Description
Instructions
• This assignment should be attempted individually. All questions are compulsory.
• Theory.pdf: For conceptual questions, either a typed or hand-written .pdf file of solutions is acceptable.
• Code Files: For programming questions, the use of any one programming language throughout this assignment is acceptable. For python, either .ipynb or .py file is acceptable. For other programming languages, submit the files accordingly. Make sure the submission is self-complete & replicable i.e., you are able to reproduce your results with the submitted files only.
• Regarding Coding Exercises: You can use modules from sklearn or statsmodels or any similar library for writing the code. Use random seed wherever applicable to retain reproducability.
• File Submission: Submit a .zip named A RollNo.zip (e.g., A1 PhD22100.zip) file containing Theory.pdf, Report.pdf, and Code files.

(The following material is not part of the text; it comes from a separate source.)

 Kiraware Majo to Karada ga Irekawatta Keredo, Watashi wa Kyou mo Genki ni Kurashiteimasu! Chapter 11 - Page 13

• Resource Constraints: In any question, if their is a resource constraint in terms of computational capabilities at your end, you are allowed to sub-sample the data (must be stratified). Make sure to exclusively mention the same in the report with proper details about the platform that didn’t work for you.
• Compliance: The questions in this assignment are structured to meet the Course Outcomes CO2, CO3, and CO4, as described in the course directory.

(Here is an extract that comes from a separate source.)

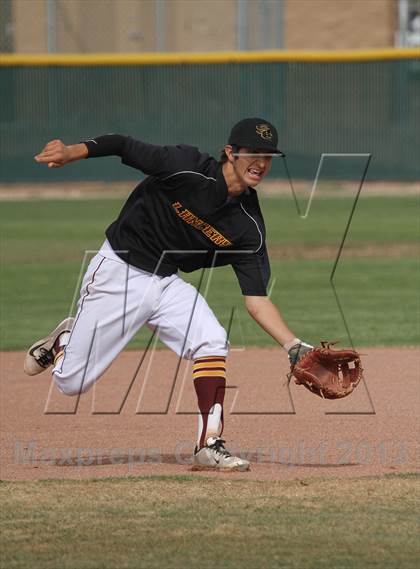 Thumbnail 2 in Sahuaro @ Salpointe Catholic photogallery.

• There could be multiple ways to approach a question. Please explain your approach briefly in the report.
Select any one tabular data from the website and perform EDA over it. You must describe the data in-brief and explain the possible use case of such a data, if analysed. Give a short (max. 5 bullets) description in your report. (3 points)
(b) Many ML-algorithms expect data to be scaled consistently. Perform normalization of the entire raw data and display its 10th row from the top before and after normalization. (1 point)
(c) Perform standardization over the entire raw data and display its 10th row before and after standardization. (1 point)
(d) In not more than 3 sentences each, describe which type of data is suitable for normalization and which type of data is suitable for standardization (Hint: Think about their underlying assumptions.). Also, explain which of the two is suitable for your current data and why? (3 points)
2. Data Augmentation (6 points)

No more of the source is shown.